What the task requires:
Exact wording is required for every entry; transcribe all of them and leave the images out.

═════ Data in this exercise ═════

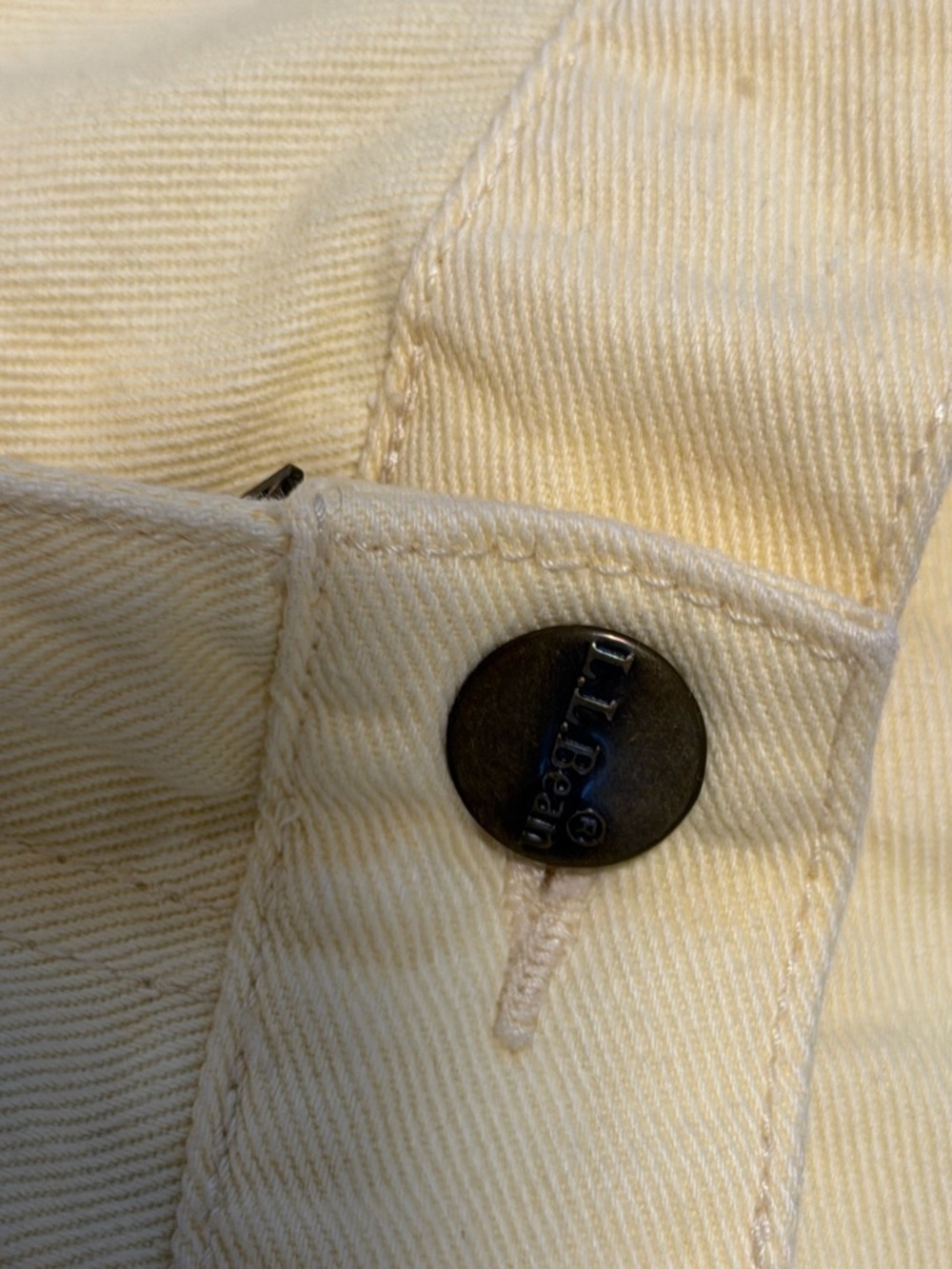 L.L. Bean Cream Cotton Cropped Pants Size 8 Utility Capri Straight Leg - Picture 5 of 8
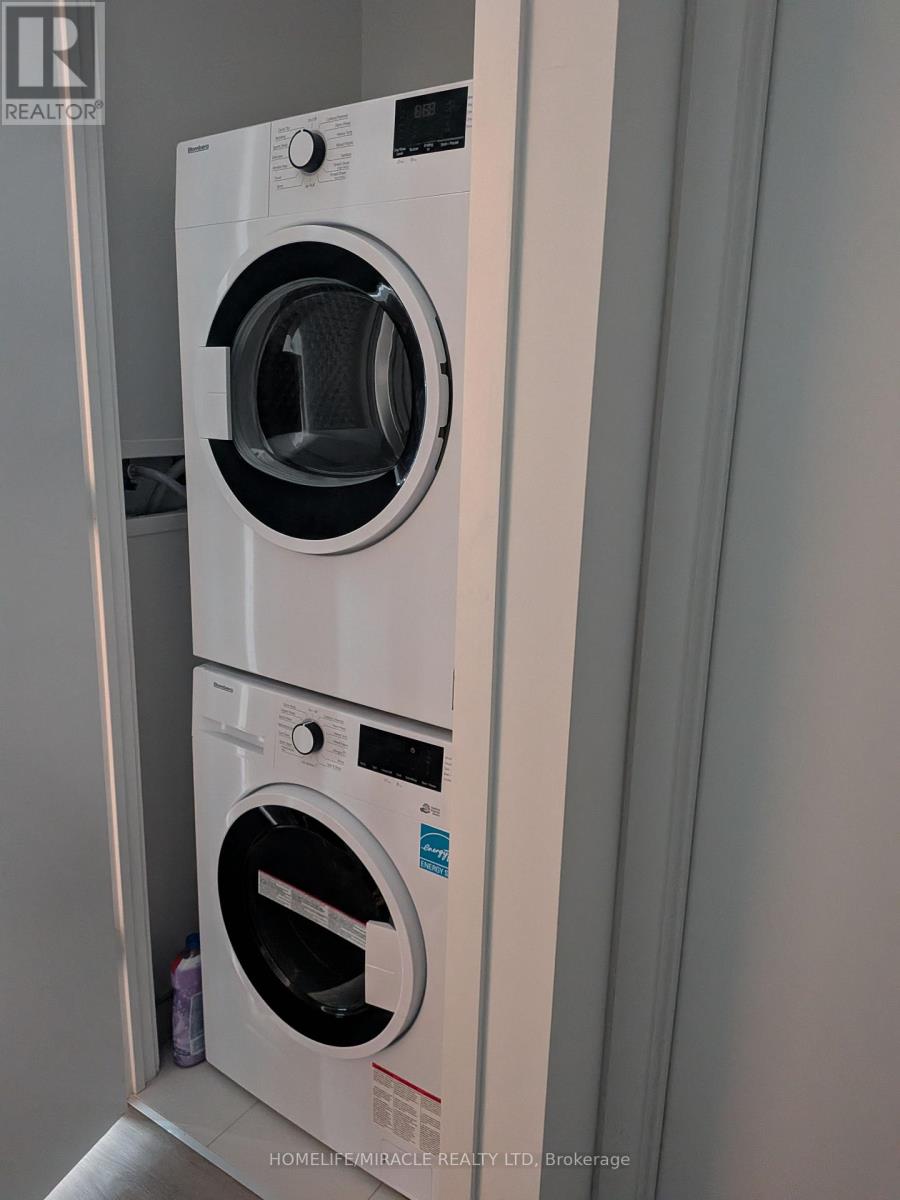 4205 - 3900 Confederation Parkway, Mississauga, Ontario  L5B 0M3 - Photo 2 - W13585422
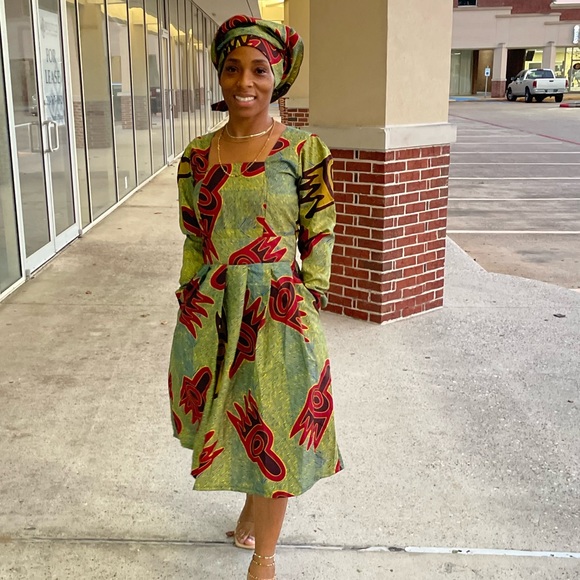 African clothing for women Ankara long sleeve mid dress with head wrap - Picture 5 of 5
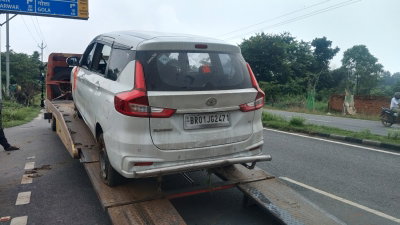 Ramgarh News : छिन्मस्तिका मंदिर जा रही कार दुर्घटनाग्रस्त, बाल-बाल बचे सवार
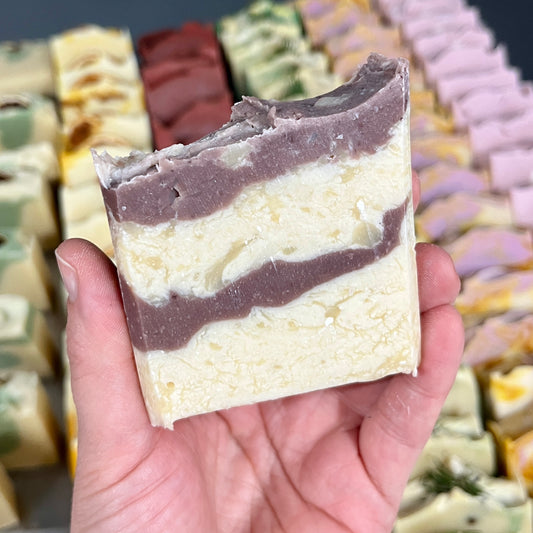 IMPARFAIT Savon à l'argile brésilienne WHITNEY huile d'avocat et lilas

═════

Answer box:
 L.L. Bean Cream Cotton Cropped Pants Size 8 Utility Capri Straight Leg - Picture 5 of 8
 4205 - 3900 Confederation Parkway, Mississauga, Ontario  L5B 0M3 - Photo 2 - W13585422
 African clothing for women Ankara long sleeve mid dress with head wrap - Picture 5 of 5
 Ramgarh News : छिन्मस्तिका मंदिर जा रही कार दुर्घटनाग्रस्त, बाल-बाल बचे सवार
 IMPARFAIT Savon à l'argile brésilienne WHITNEY huile d'avocat et lilas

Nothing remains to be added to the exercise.